The shale rock throughout the region, which is as much as 800 feet thick in places, contains enough natural gas to satisfy North Carolina's needs for 40 years, according to experts. Three test wells were dug 20 years ago in Lee County to test for gas, but no one has been able to go further.
Simple drilling for the gas isn't possible because of the high cost of extracting limited amounts from deep deposits. But a technique known as hydraulic fracturing, or "fracking," has been shown to increase output and lower costs.
In fracking, after drilling down a few thousand feet, crews drill horizontally and then fill the cavity with chemicals and water.
"You put that water under a great deal of pressure, which fractures the rock," releasing natural gas, said Russ Knight, a Lee County landowner who helped form a group called North Carolina Oil and Gas.
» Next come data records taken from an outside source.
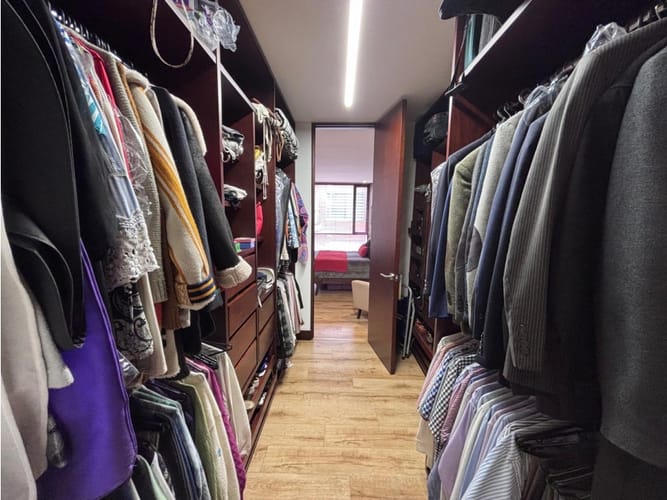 Apartamento de 3 alcobas en venta en Chicó Navarra, Bogotá, 247 m² · foto 16 de 23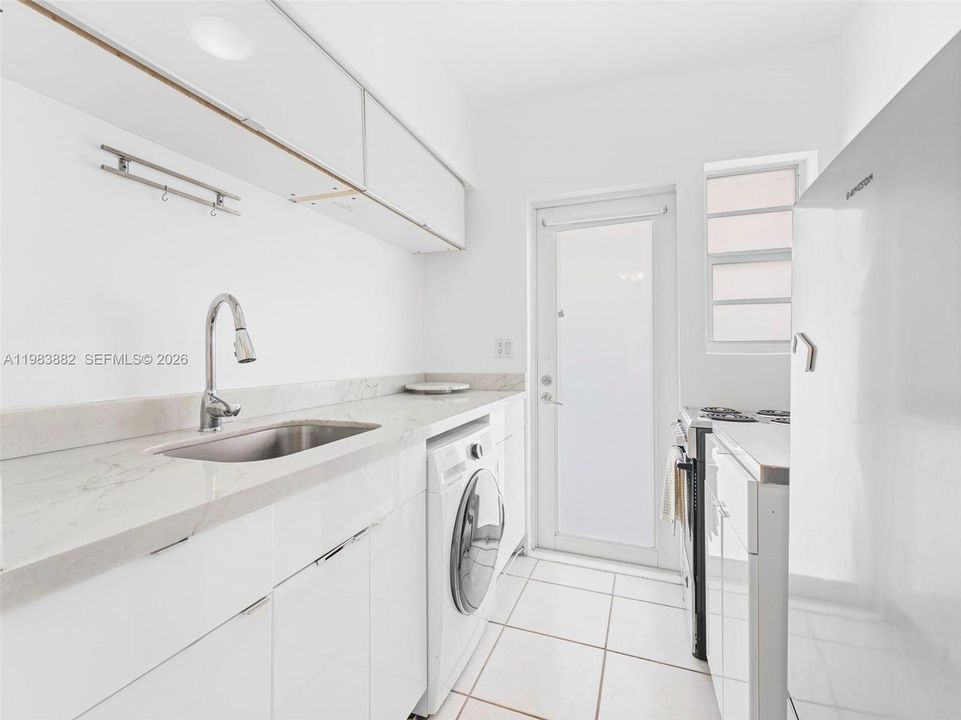 En Venta: $199,999 (0 camas, 1 baños, 430 Pies cuadrados)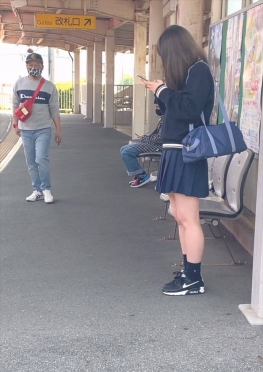 68244乘坐地铁回家的jk短裙女同学视频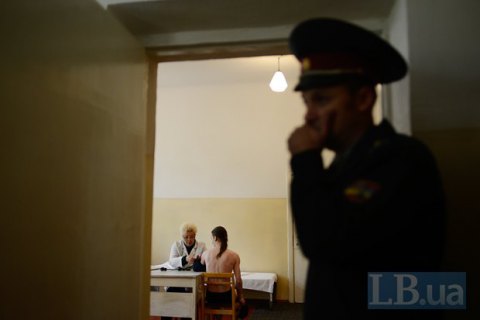 В Киеве призывник выбросился из окна военкомата 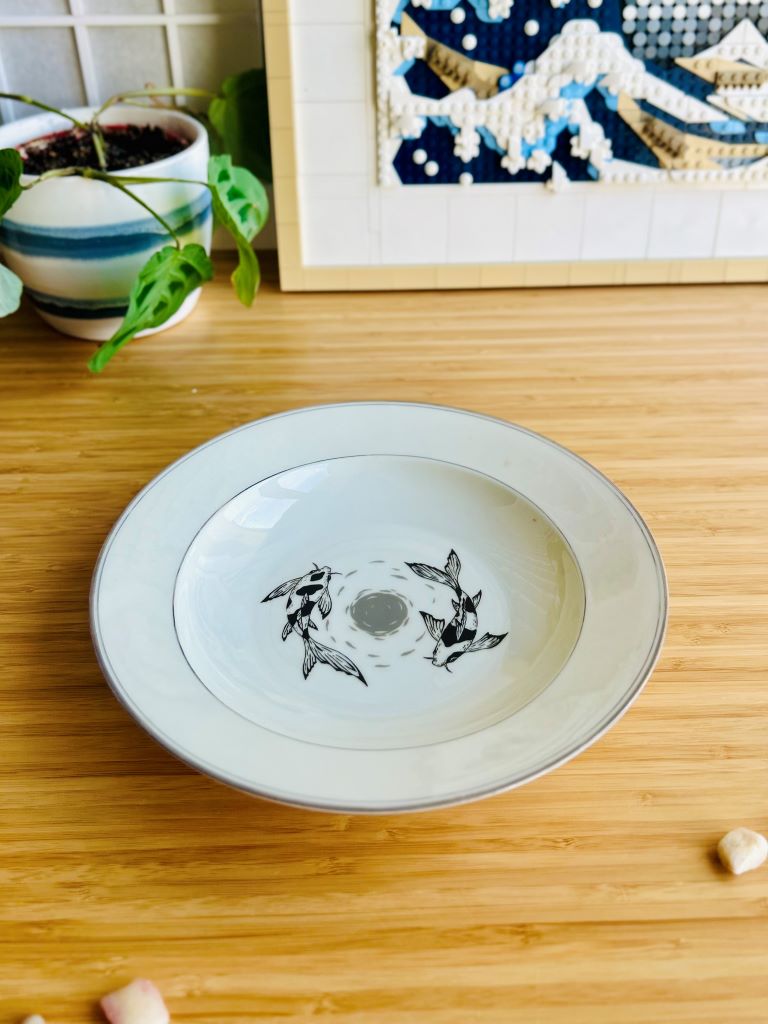 hluboký vintage talíř "Jezerní drahokamy aneb koi kapříci s měsícem" 24 cm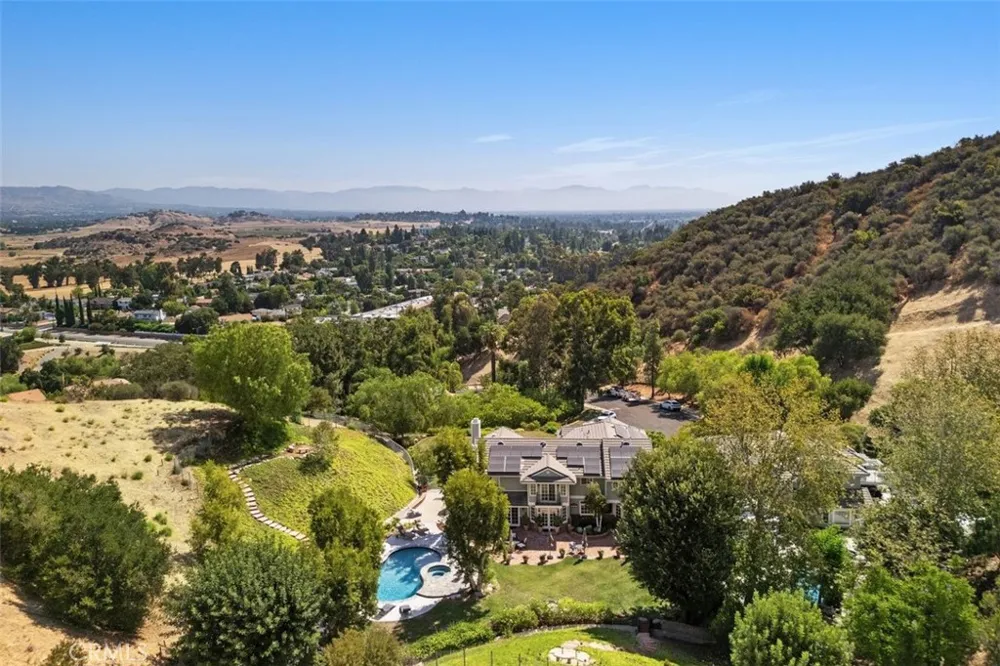 8201 Quiet Hills Court West Hills, CA 91304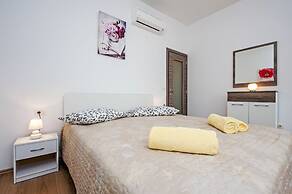 Apartments & Rooms Chiara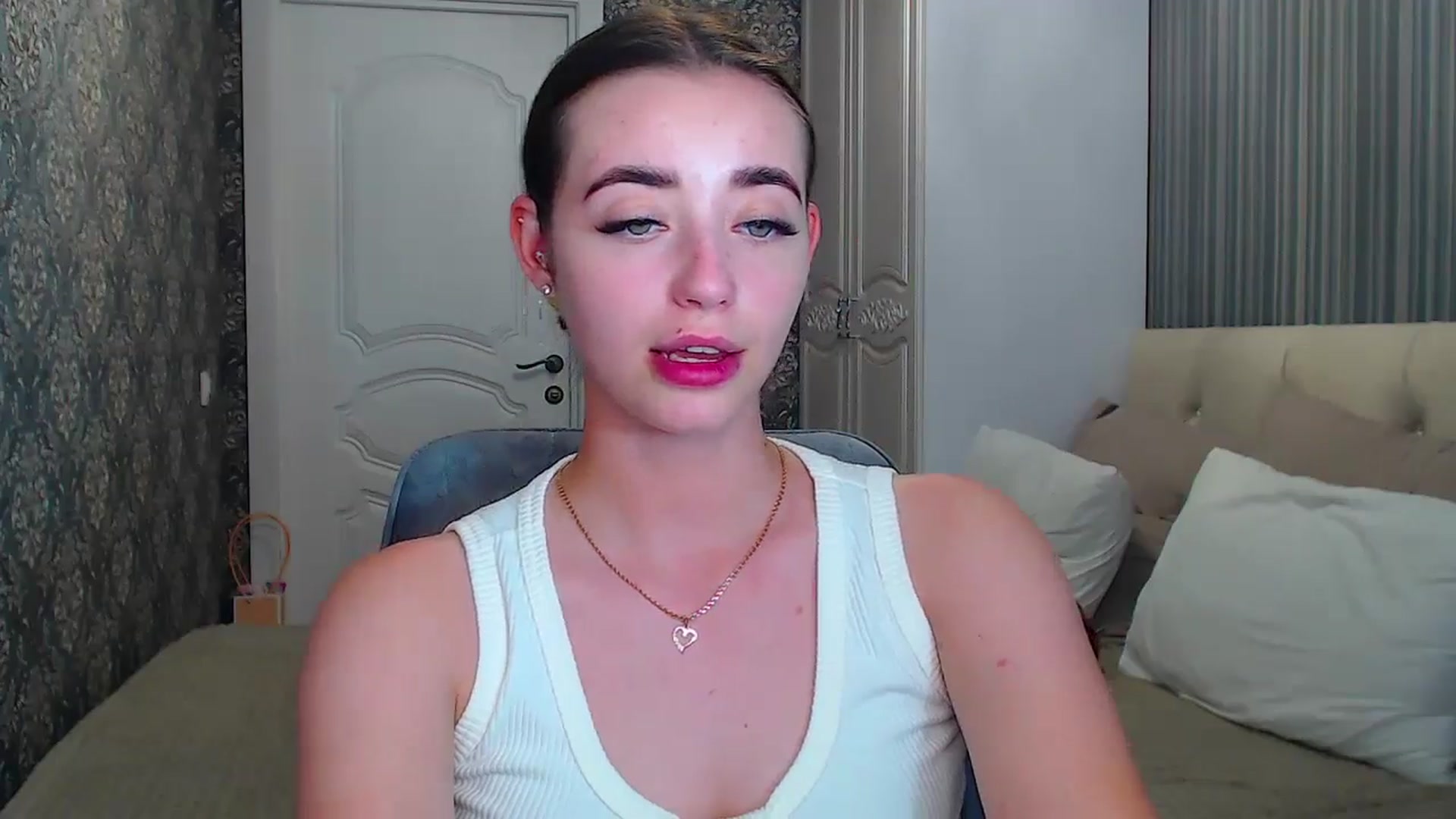 Gallery image thumbnail from EmeraldLilyyy's myfreecams stream on, 07/09/2024, 16:07 image 4 of 20
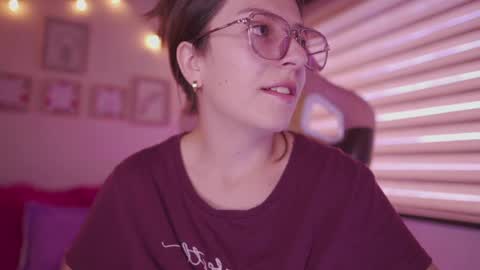 Snapshot of milly_kenner chatting on May 27, 7:33 pm MILLY online show from May 27, 7:33 pm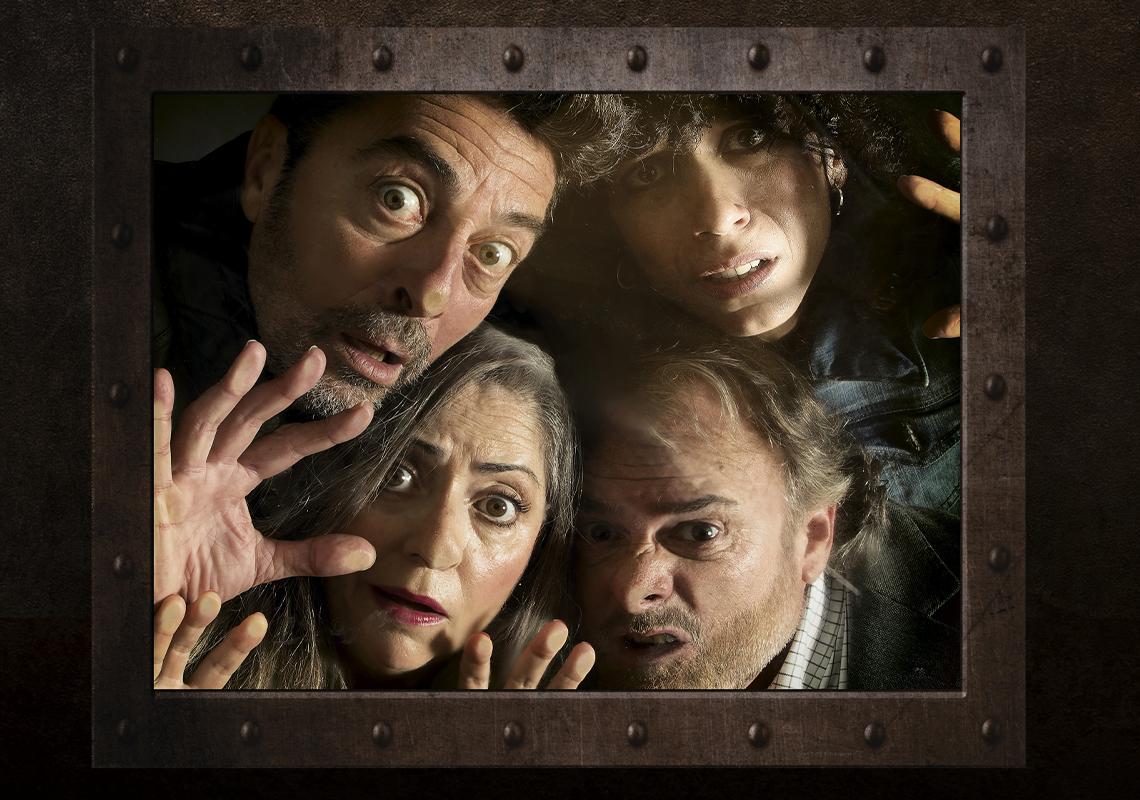 Restaurant inside showcase 1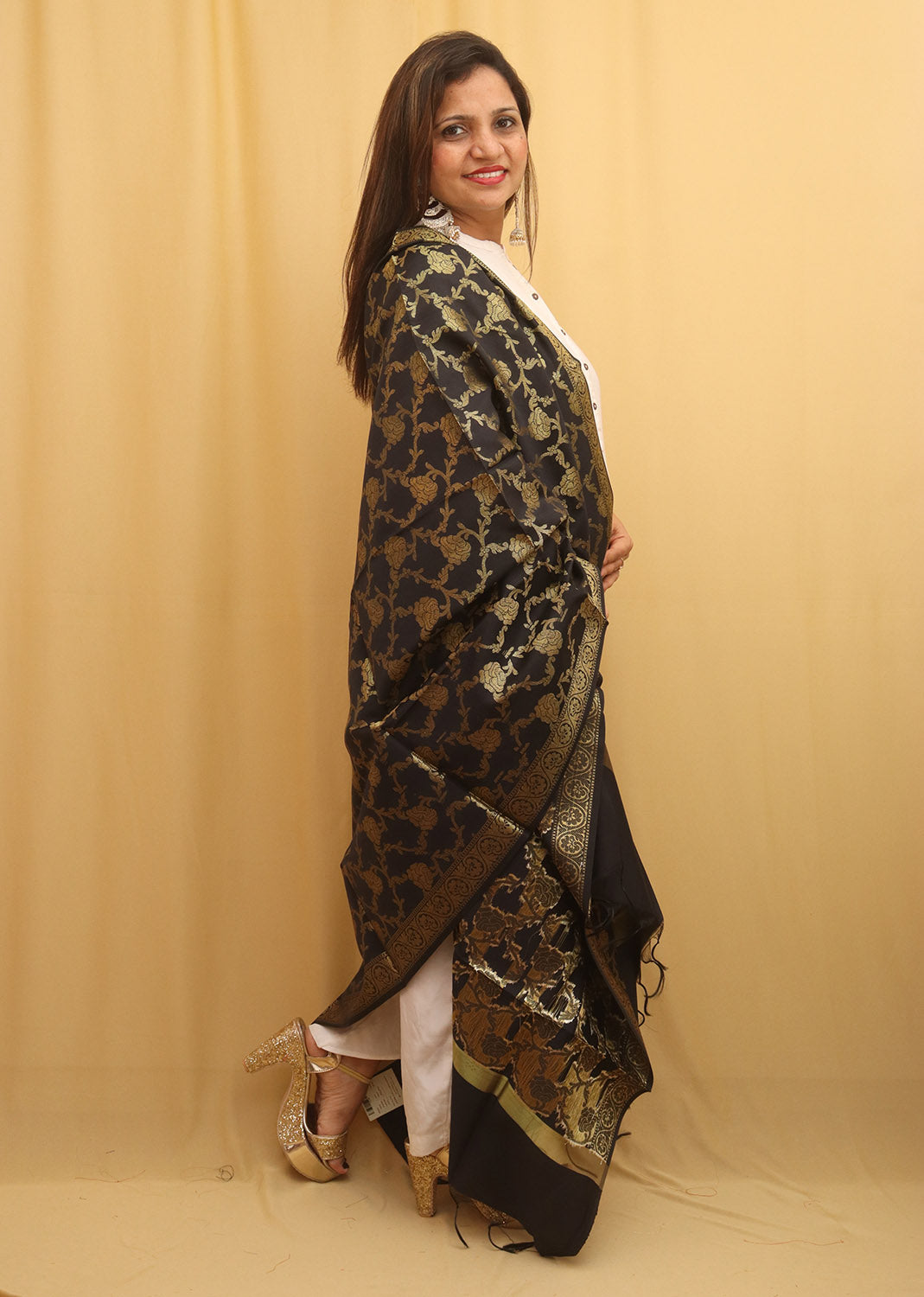 Black Banarasi Silk Dupatta - Luxurion World
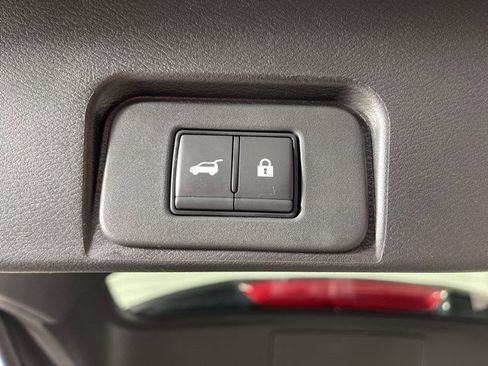 Used 2025 Nissan Rogue SL image 43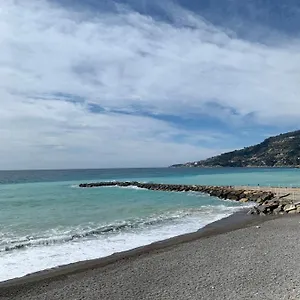 https://casa-girasole.hotelitalianriviera.com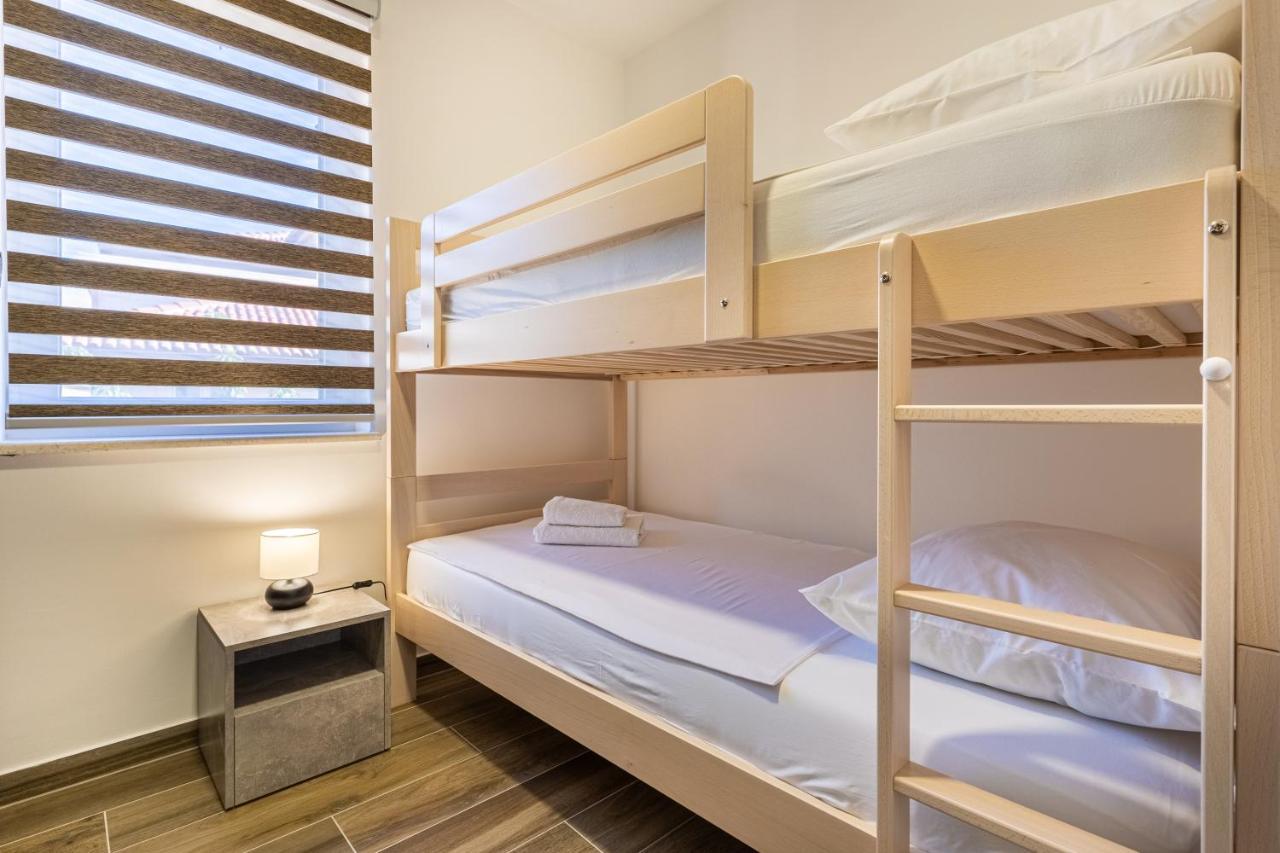 Apartman Vischetti Cres Eksteriør billede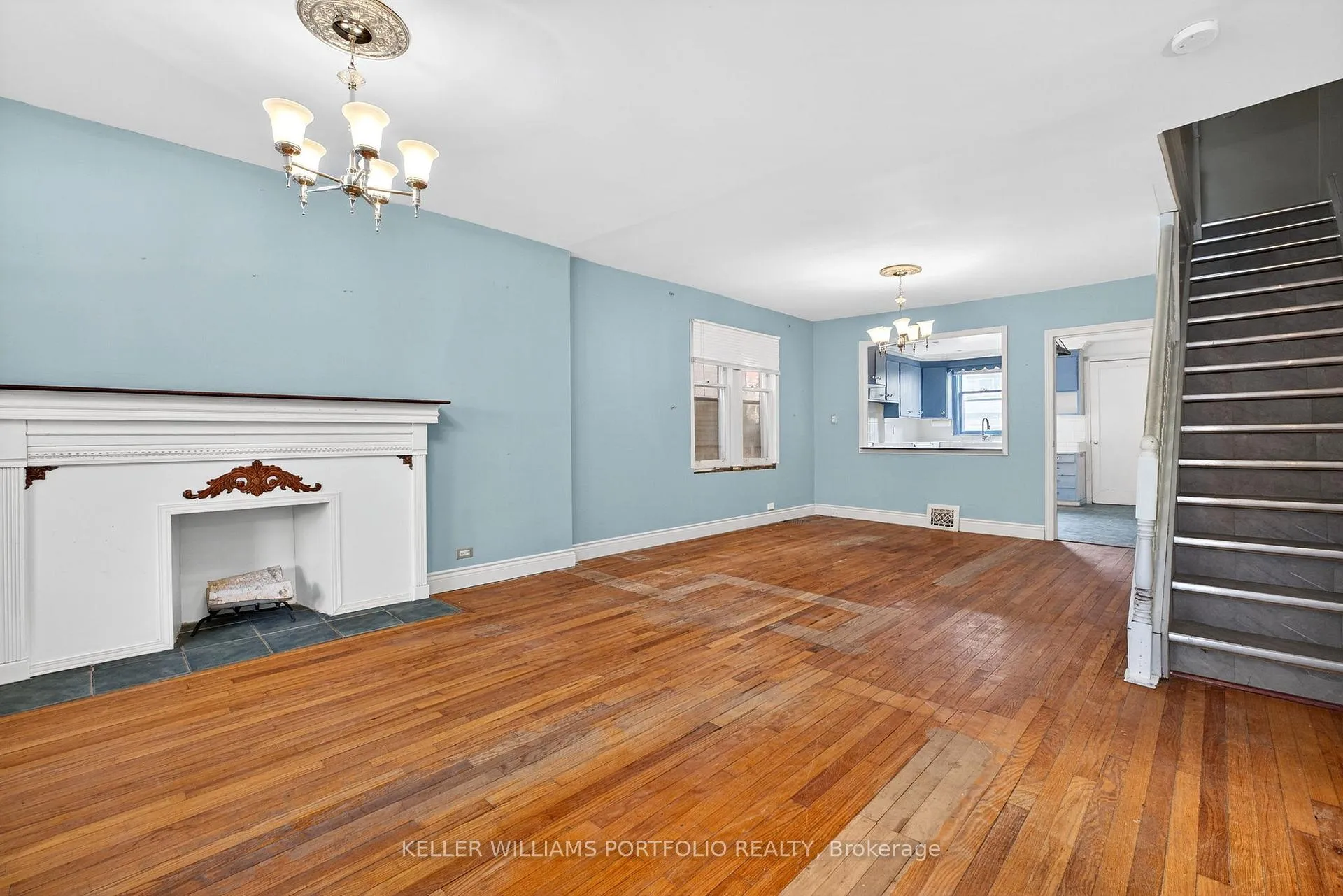 Photo 6 of 31 Mcroberts Avenue, Toronto, Corso Italia-Davenport — HOMEH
Knight said he favors gas exploration in the area if it can be done safely and if landowners can be properly compensated.
“Further regulations have to be put in place for us to feel overly confident in doing this in a safe way,” he said.
The question of safety is what brings controversy to the surface in the fracking debate.
"The U.S. Mint can't print enough money to induce me to let fracking take place on my land," said Moore County landowner Joe McDonald, who heads up a group called Save Our Sandhills.
McDonald says the group has not taken an official position on fracking.
“I’m concerned not just about the fracking operation, but the clearing of land and installation of equipment and truck traffic," he said.
Opponents say fracking poses environmental risks like contaminated groundwater. State geologists and environmental officials held a meeting in Sanford Monday night to address people's concerns.
Fracking proponents said such risks are overstated, and North Carolina cannot afford to ignore its own energy reserves.
“There is no real history of problems from fracking anywhere,” said Russ Patterson, a geologist with Patterson Exploration Services of Sanford.
"It's under us, and it's accessible," landowner Benny Lee said. "I think it would be foolish for people think that we shouldn’t explore it."